## Exercise objective
Starting at the line below with "closeup of sauteed" and stopping at the line with "Two cocktails in", please print each line exactly, those two included, and skip every picture.

═══ Listed entries

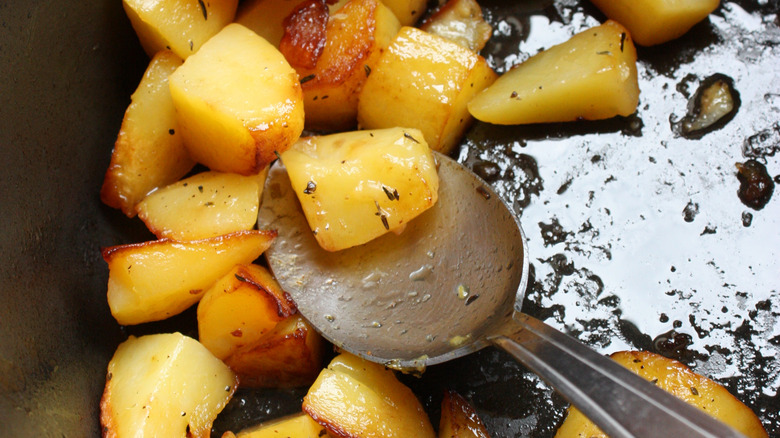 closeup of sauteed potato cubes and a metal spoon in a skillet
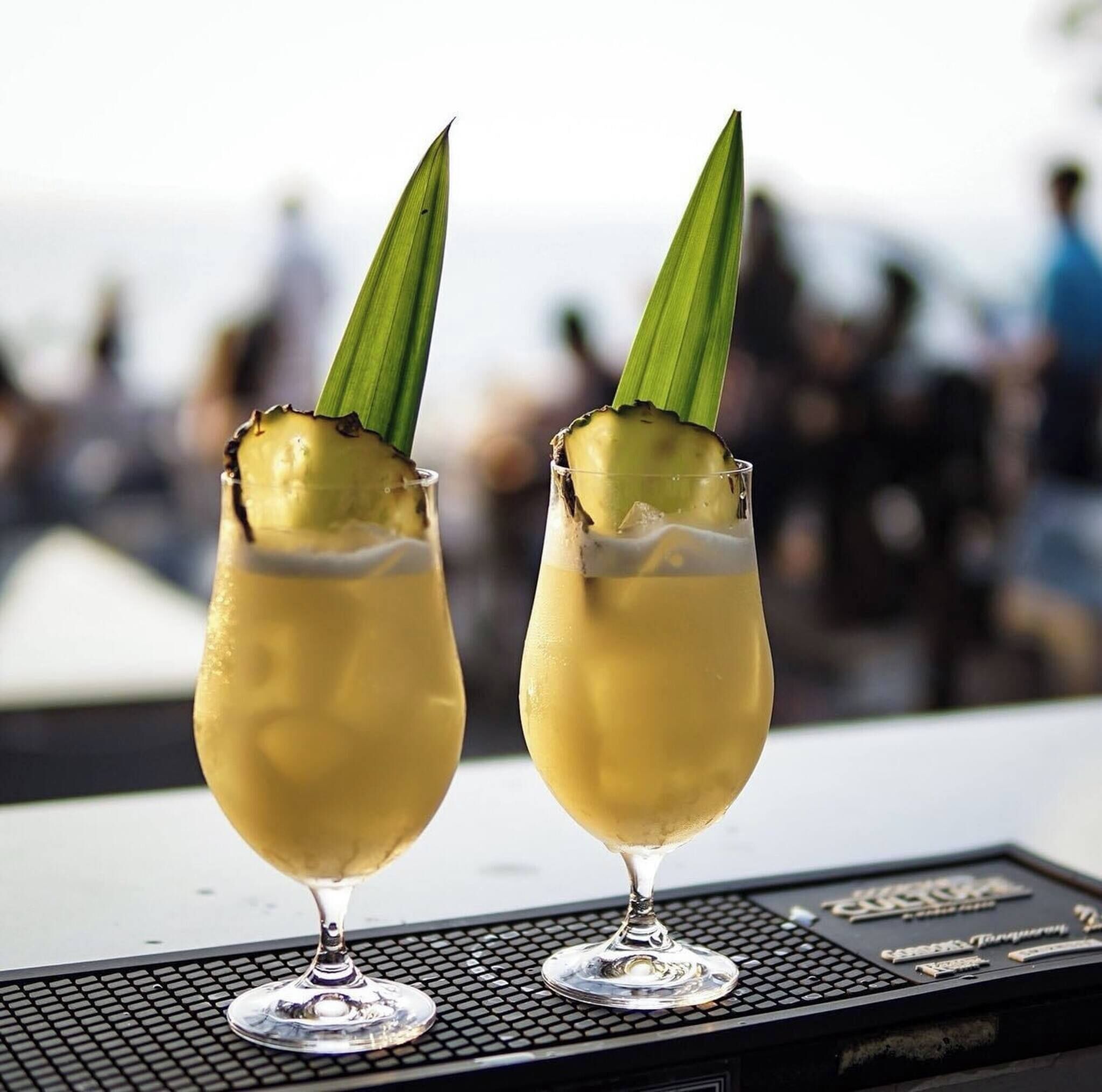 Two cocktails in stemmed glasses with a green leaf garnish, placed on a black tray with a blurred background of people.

══════
═══ Listed entries

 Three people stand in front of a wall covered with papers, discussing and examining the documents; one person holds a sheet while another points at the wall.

══════

## Final answer
 closeup of sauteed potato cubes and a metal spoon in a skillet
 Two cocktails in stemmed glasses with a green leaf garnish, placed on a black tray with a blurred background of people.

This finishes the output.